We have heard a lot about tax simplification—indeed, it was the reason for the so-called granny tax—but it appeared to go out of the window when it came to child benefit changes for higher rate taxpayers. The Finance Bill will give us a complicated set of arrangements that will involve making decisions about whether two people are a couple, whether or not they are regarded as living together and when a relationship has sufficient permanency to affect the provisions. All those issues are extremely complicated and, as even some Government Members have said, they will involve employing more people to work them out. As we said, there will be administration costs.

When the changes were announced with a great flourish at the Tory conference, we pointed out the anomalies, difficulties and expense that would arise.
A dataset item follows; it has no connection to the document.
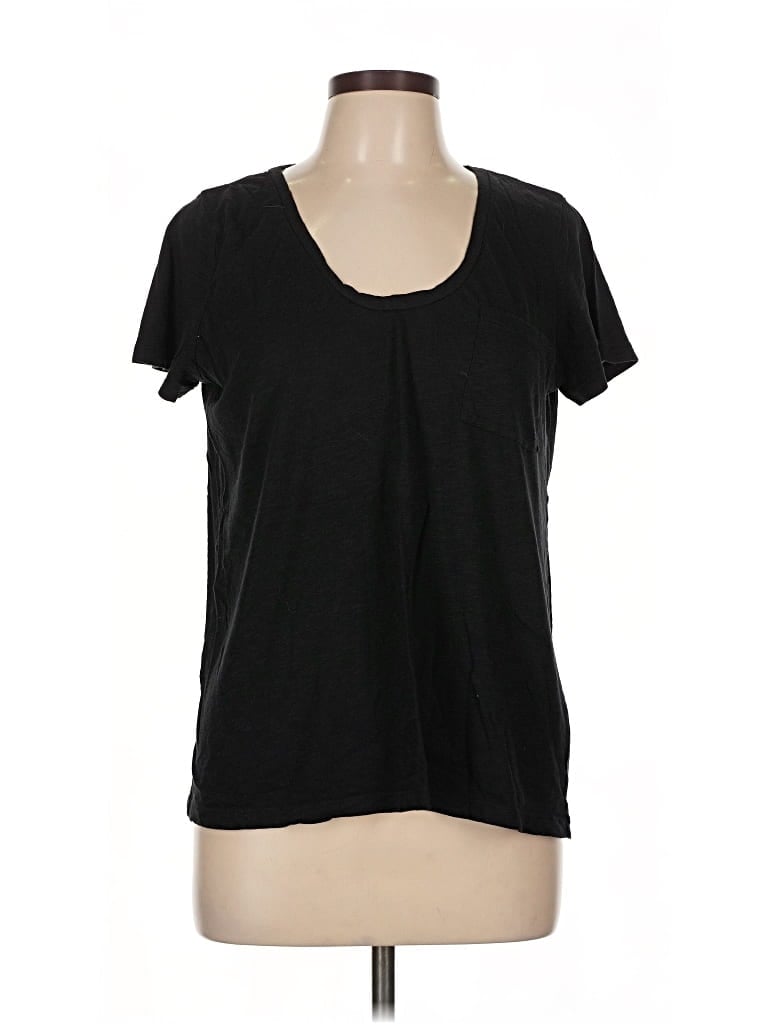 Pre-owned Caslon Short Sleeve T-shirt In Black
I suspect that there will be further changes yet, because there is no point in pretending that the measure is not difficult.

On the higher tax rate issue, it was far too soon to jump to the conclusion that the 50p rate was not bringing in the revenues one might have hoped for. It was hardly given the opportunity to start. In effect, people on high incomes were using a form of blackmail on the rest of us: “If you put up taxes, we’ll find ways of avoiding them.” What did the Government do? They rolled over and said, “Oh all right then, we’ll lower the rate of tax.” If low-paid workers or people who lost their working tax credit when they could not find enough hours decided that sensible tax planning for them would be to stop work, because they would better off, they would be regarded as people who would rather stay at home watching daytime television than work hard. There is one rule for one set of people and one rule for another.

Tax avoidance should be tackled, but it is not a good sign when at the first whimper from higher rate taxpayers—the first effort to avoid the tax—the Government say, “Okay, we’ll change the tax rate for you.” That is what the Government stand for. It has been clear in this and previous Budgets that there is gross inequality in the way people are treated. People at the bottom who have been suffering from the changes in tax and benefits and are struggling to keep their heads above water find that even the new jobs supposedly created over the past two years—most of which were created in 2010—are part time and do not give them a higher standard of living. I urge Government Members to rethink their support for the Budget and to vote with us tonight.